The NAM, ATAF1/2, and CUC2 (NAC) transcription factors form a large plant-specific gene family, which is involved in the regulation of tissue development in response to biotic and abiotic stress.

 

To date, there have been no comprehensive studies investigating chromosomal location, gene structure, gene phylogeny, conserved motifs, or gene expression of NAC in pepper (Capsicum annuum L.). The recent release of the complete genome sequence of pepper allowed us to perform a genome-wide investigation of Capsicum annuum L. NAC (CaNAC) proteins. In the present study, a comprehensive analysis of the CaNAC gene family in pepper was performed, and a total of 104 CaNACgenes were identified. Genome mapping analysis revealed that CaNAC genes were enriched on four chromosomes (chromosomes 1, 2, 3, and 6).
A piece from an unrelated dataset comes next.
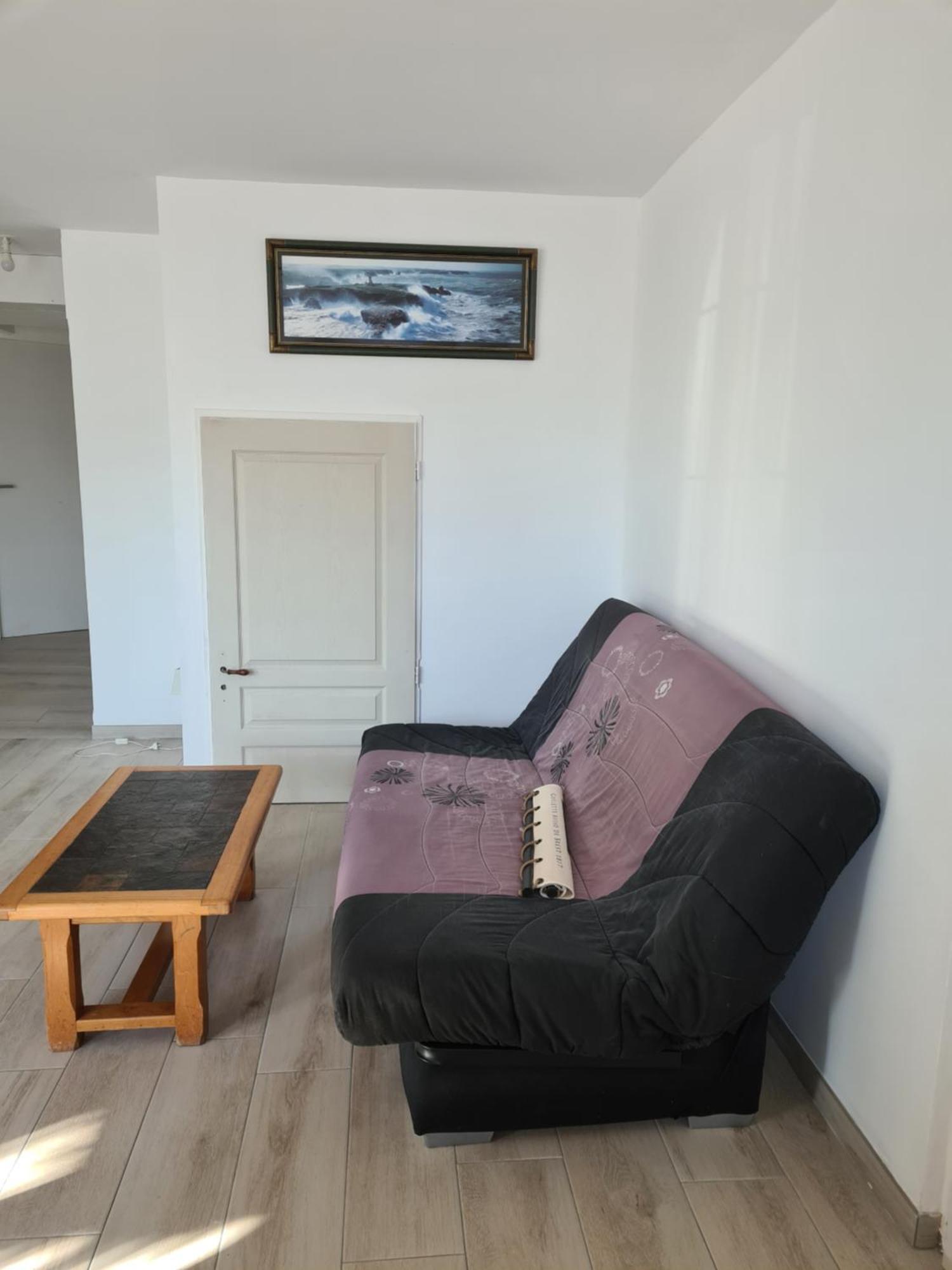 Apartment T2 Spacieux A *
In addition, phylogenetic analysis of the NAC domains from pepper, potato, Arabidopsis, and rice showed that CaNAC genes could be clustered into three groups (I, II, and III). Group III, which contained 24 CaNAC genes, was exclusive to the Solanaceae plant family. Gene structure and protein motif analyses showed that these genes were relatively conserved within each subgroup. The number of introns in CaNAC genes varied from 0 to 8, with 83 (78.9%) of CaNAC genes containing two or less introns. Promoter analysis confirmed that CaNACgenes are involved in pepper growth, development, and biotic or abiotic stress responses. Further, the expression of 22 selected CaNACgenes in response to seven different biotic and abiotic stresses [salt, heat shock, drought, Phytophthora capsici, abscisic acid, salicylic acid (SA), and methyl jasmonate (MeJA)] was evaluated by quantitative RT-PCR to determine their stress-related expression patterns. Several putative stress-responsive CaNAC genes, including CaNAC72 and CaNAC27, which are orthologs of the known stress-responsive Arabidopsis gene ANAC055 and potato gene StNAC30, respectively, were highly regulated by treatment with different types of stress. Our results also showed that CaNAC36 plays an important role in the interaction network, interacting with 48 genes. Most of these genes are in the mitogen-activated protein kinase (MAPK) family. Taken together, our results provide a platform for further studies to identify the biological functions of CaNAC genes.